Many times, the easiest way to identify the correct pattern is to look at the final step in the process. Is it a convergence action where we need all the data to do something (stateful) or could it be multiple, independent actions (stateless)?
Stateless Job Pattern
The stateless job pattern is the easiest to implement. For simple jobs, we use the timer trigger to drop a message onto a queue and then use an Azure Function running off that queue message to actually process our job. Dropping a message on a Service Bus queue is ideal because we gain retries and we can queue up scheduled jobs in case one invocation takes slightly long than our scheduled time. This pattern is usually the best fit for teams looking to move existing scheduled jobs onto Azure Functions.
For more complex jobs, I generally recommend using a series of queues, one for each step in our scheduled job. This allows for resilience in each step in our process and it allows for fanning out processing for better efficiency. Take the database synchronization example I mentioned above. In that scenario, a timer would kick off and drop the job message into the first queue. A Function would receive that message, query the first database, and then drop each row onto a subsequent queue as individual messages. Then a third Function could fan out and consume each message in a massively parallel operation to update single records in the second database. This type of fan-out operation, on top of the standard Service Bus features of retry logic, dead letter queuing, etc. makes this an ideal architecture. (Note, fan out operations are not specific to scheduled jobs, they’re simply a common scenario).
Stateful Job Pattern
The stateful job pattern is a bit more complex and requires an additional technology framework: Durable Functions. Durable Functions use Azure Storage Queues and Azure Storage Tables to track the state of a workflow orchestration through various steps. There is an additional learning curve for Durable Functions but they are a powerful tool.

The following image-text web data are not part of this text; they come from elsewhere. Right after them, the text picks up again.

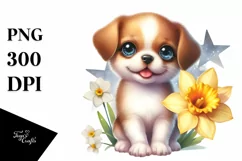 daffodil on a Star Babydog | Clipart Product Image 1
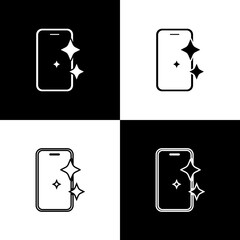 Set Glass screen protector for smartphone icon isolated on black and white background. Protective film for glass. Transparent soft glass for mobile phone. Vector.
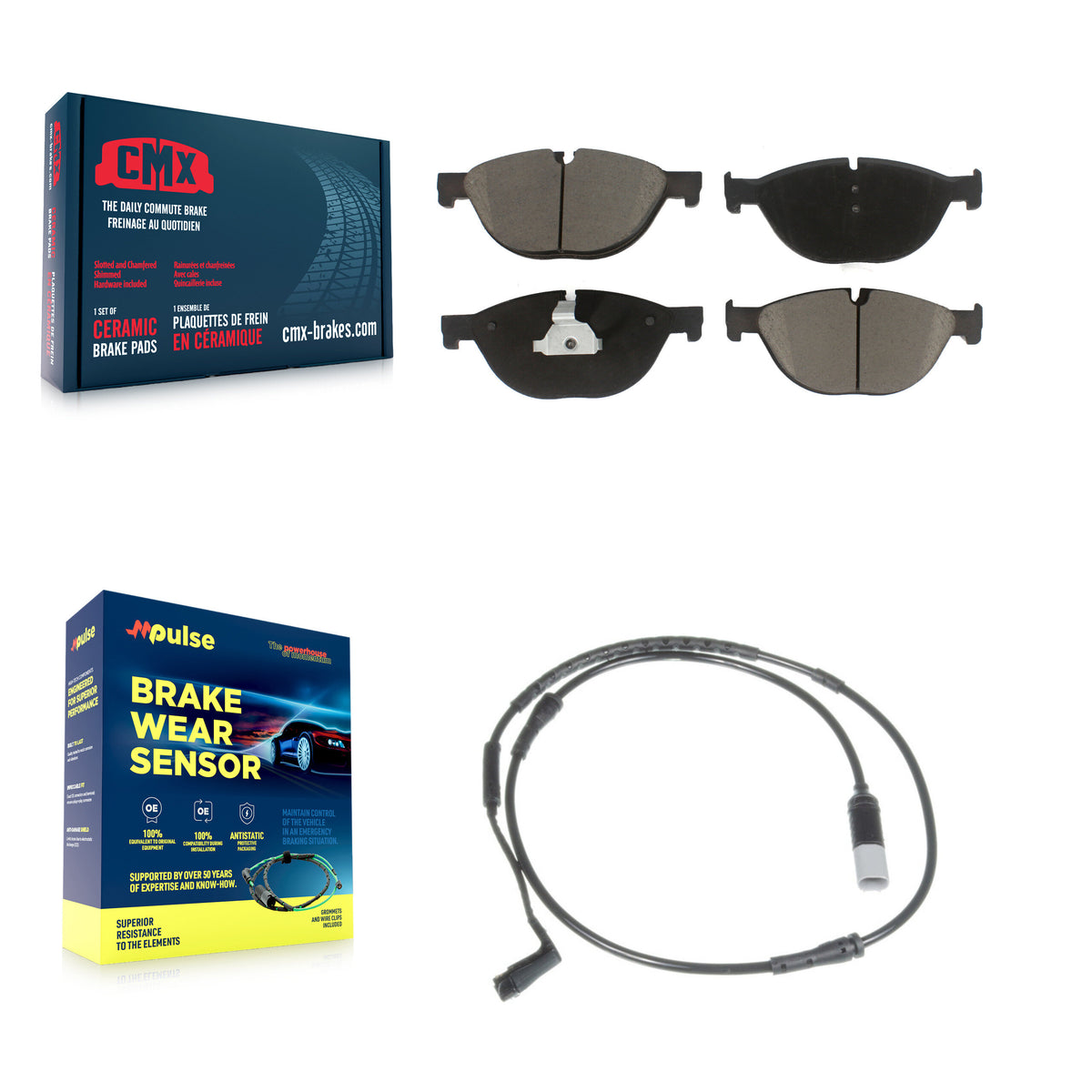 Front Ceramic Disc Brake Pads And Wear Sensors Kit For 2009 BMW 750i 750Li KCW-100511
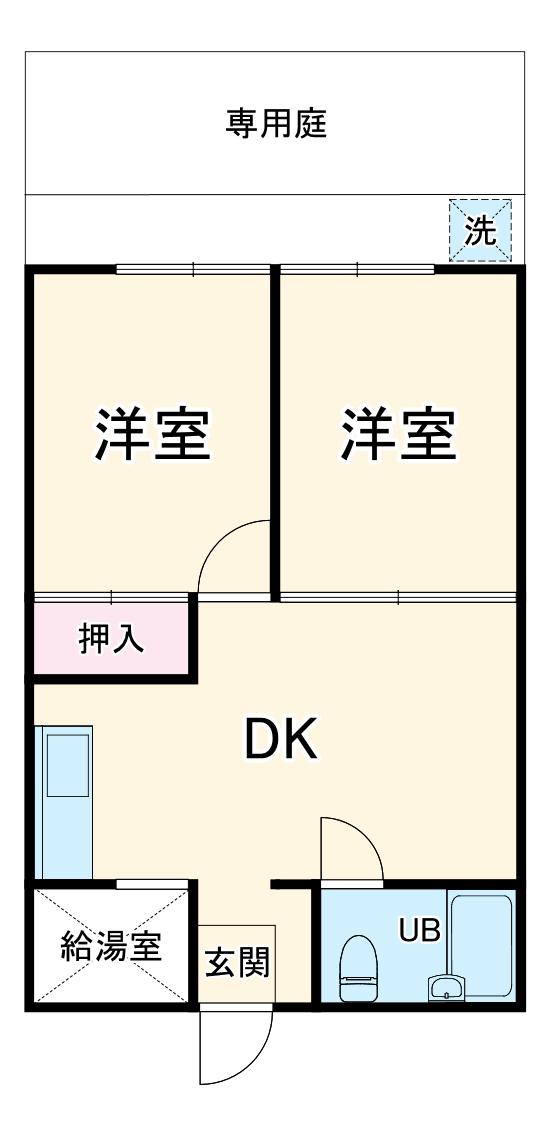 ジャルダン北大宮(2DK/1階)の間取り写真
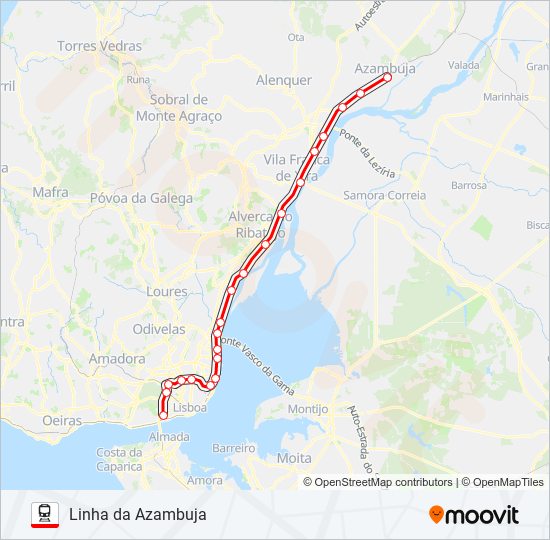 Mapa da linha do comboio L. AZAMBUJA.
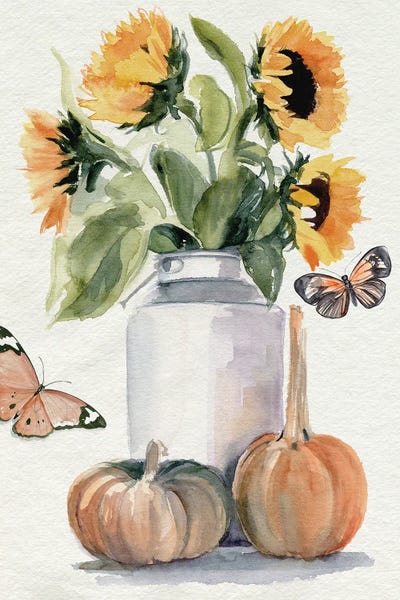 Butterflies and Flowers: Autumn Sunflowers II by Jennifer Paxton Parker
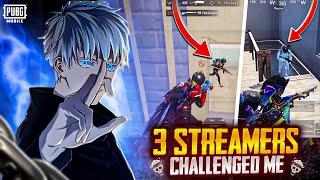 3 Streamers {𝘿𝘼𝙍𝙀𝙎} To Challenge Me!!  | New 3.7 Update  | PUBGM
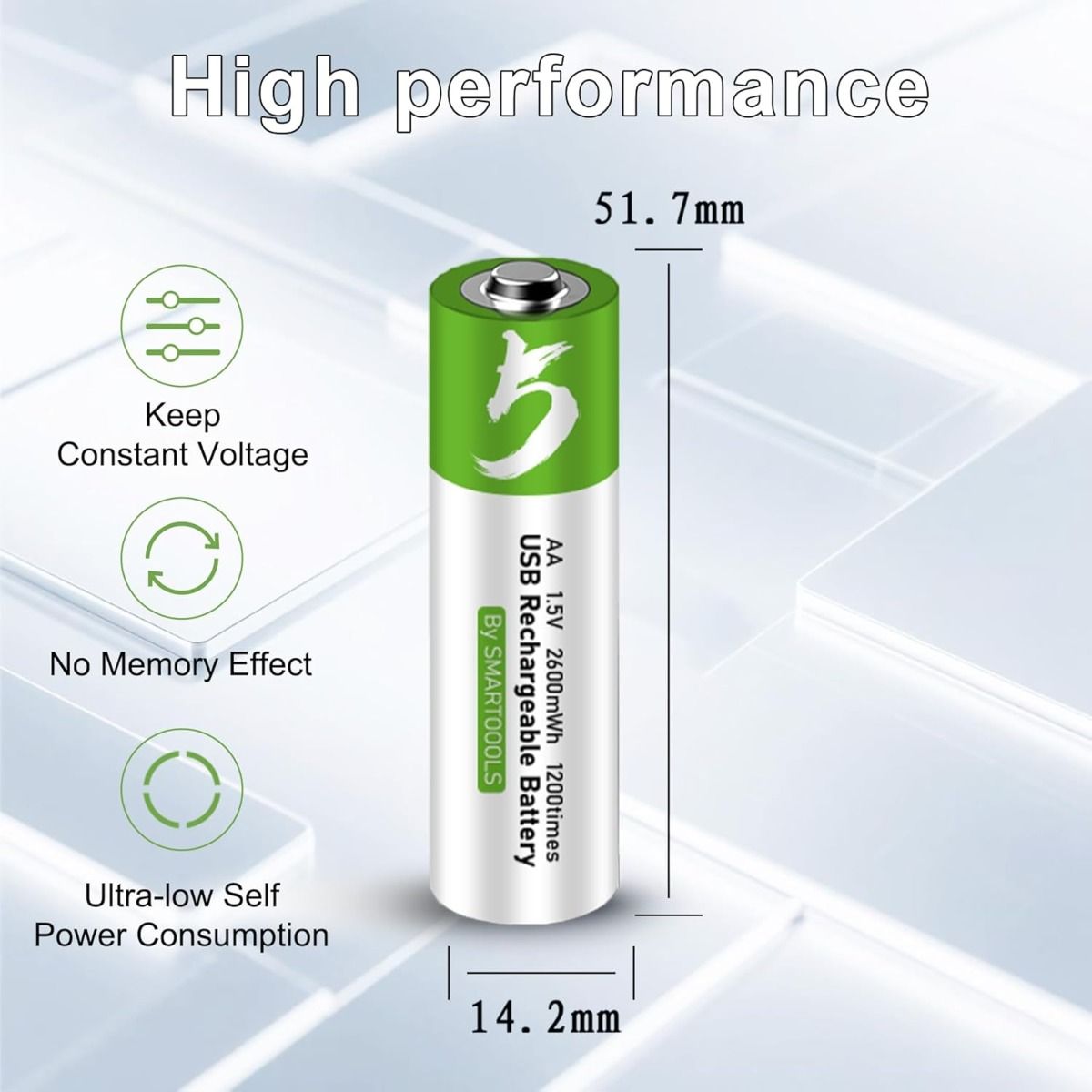 4 Stück AA-Batterien, USB/Type-C wiederaufladbare AA-Batterie
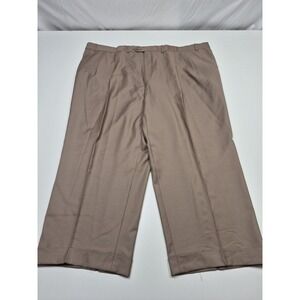 Angelico Suit Pants Mens 34x26 Beige Super 140s Wool Pleated Dress Cuffed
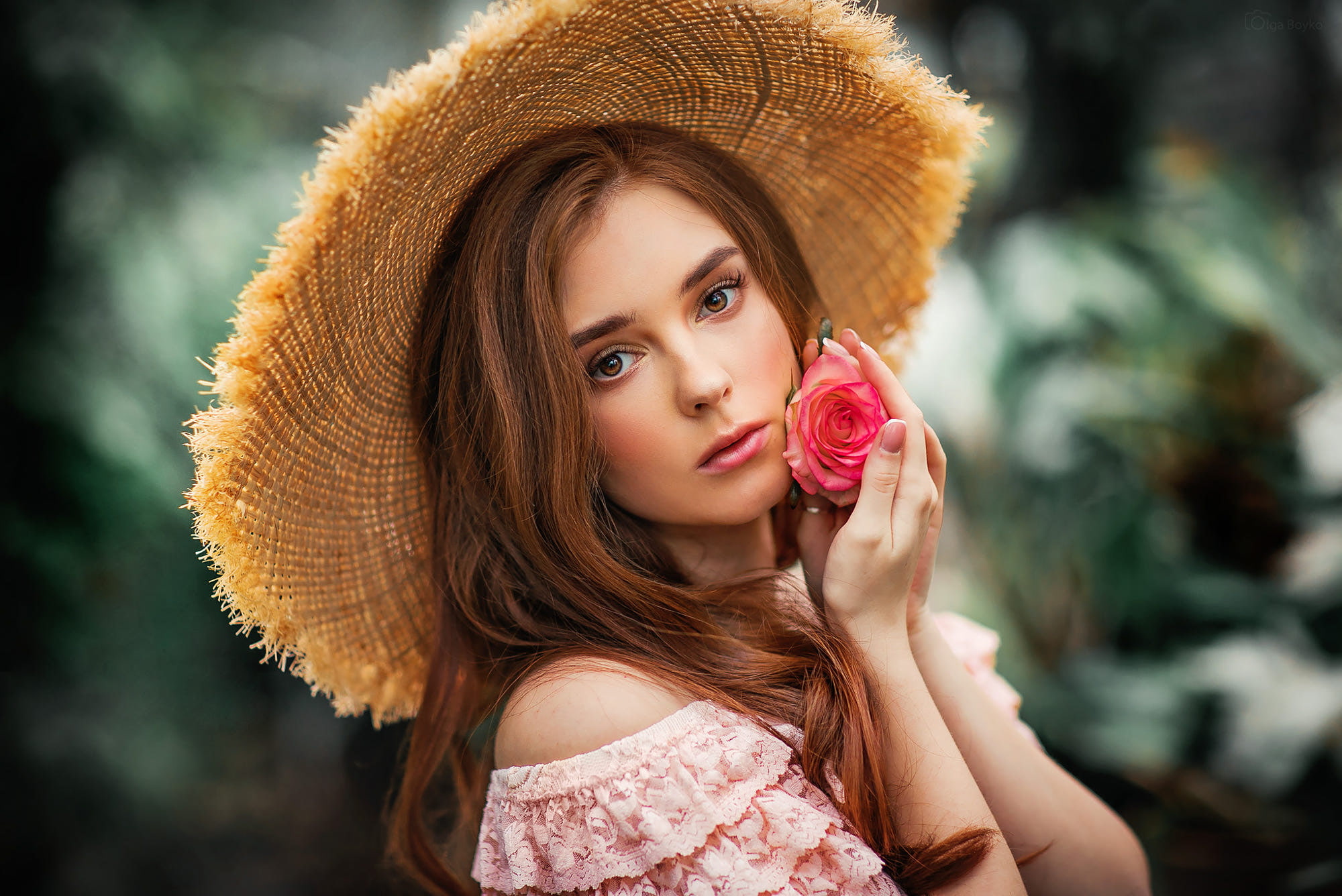 straw hat, depth of field, photography, hat, women, model, redhead, flowers, 1080P, HD Wallpaper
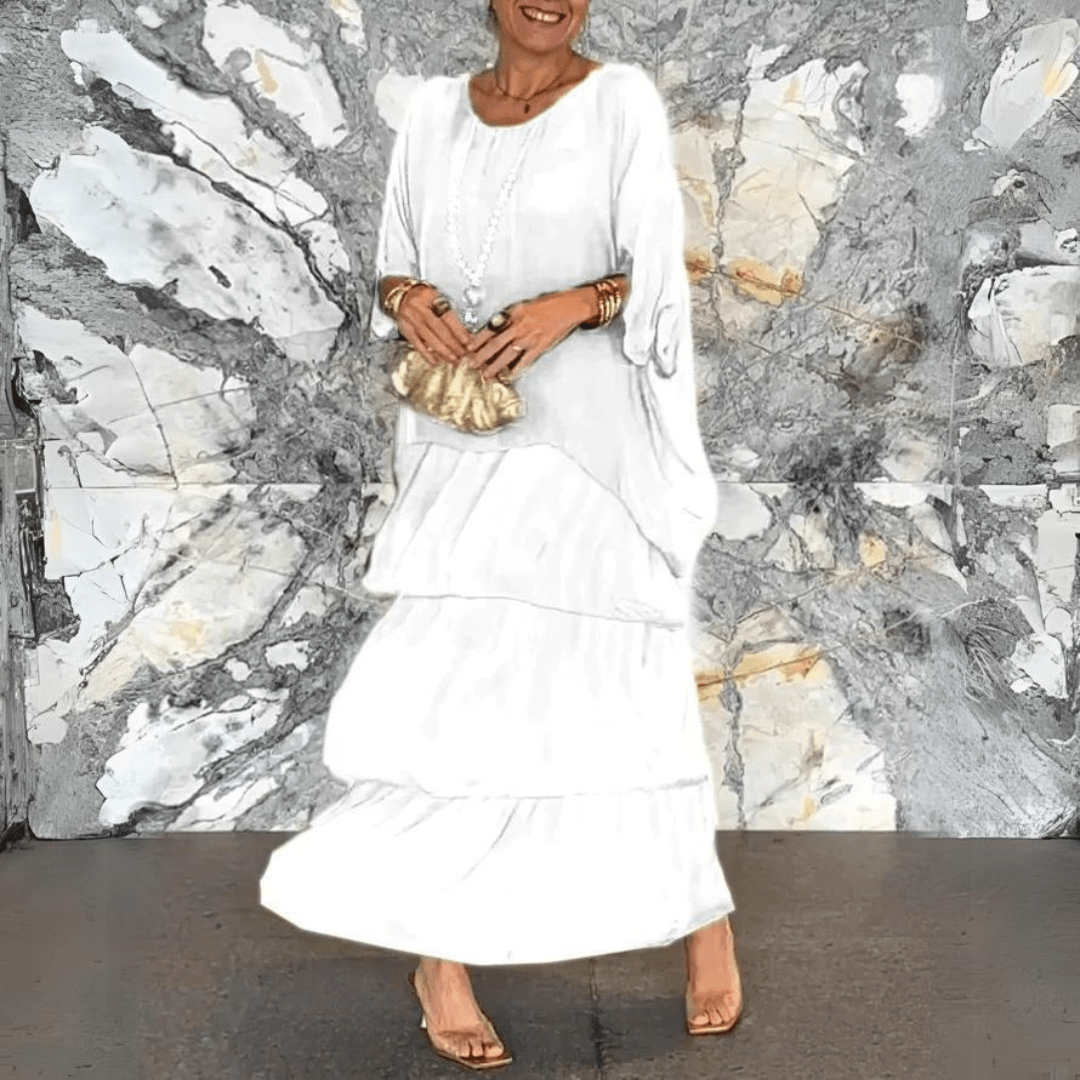 Vittoria Exquisite Chiffon Long Dress for Women Cocktail Hour Style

Durable Functions with a timer triggered orchestration is a great way to handle many scenarios. In the restaurant aggregation scenario above, a Timer Triggered Function would invoke a Durable Function Orchestrator to start the job workflow. The orchestrator would then call each activity Function for each step in the process. So we could fan out and calculate the inventory used for each receipt, then have an activity (fan in) that used the calculated results to aggregate the needed inventory replenishment, then another activity to send the order out to the vendor. (Once again, chaining activities and fan out/fan in operations are not unique to scheduled jobs, they’re simply common scenarios).
The beauty in this type of stateful scheduled job is I can decrease job execution time but still have converged end steps in my process.
Wrap Up
Those are the standard patterns I see for hosting scheduled jobs using Azure Functions. As a quick note, sometimes teams ask why they don’t just run their code during the execution of the timer triggered Function. If you’re unconcerned about retries if there is some sort of unhandled error (it’s ok if we miss a scheduled processing point and wait for the next one), then go for it. The simpler, the better. But, by and large, I generally see teams wanting slightly more resilience than the timer trigger alone provides.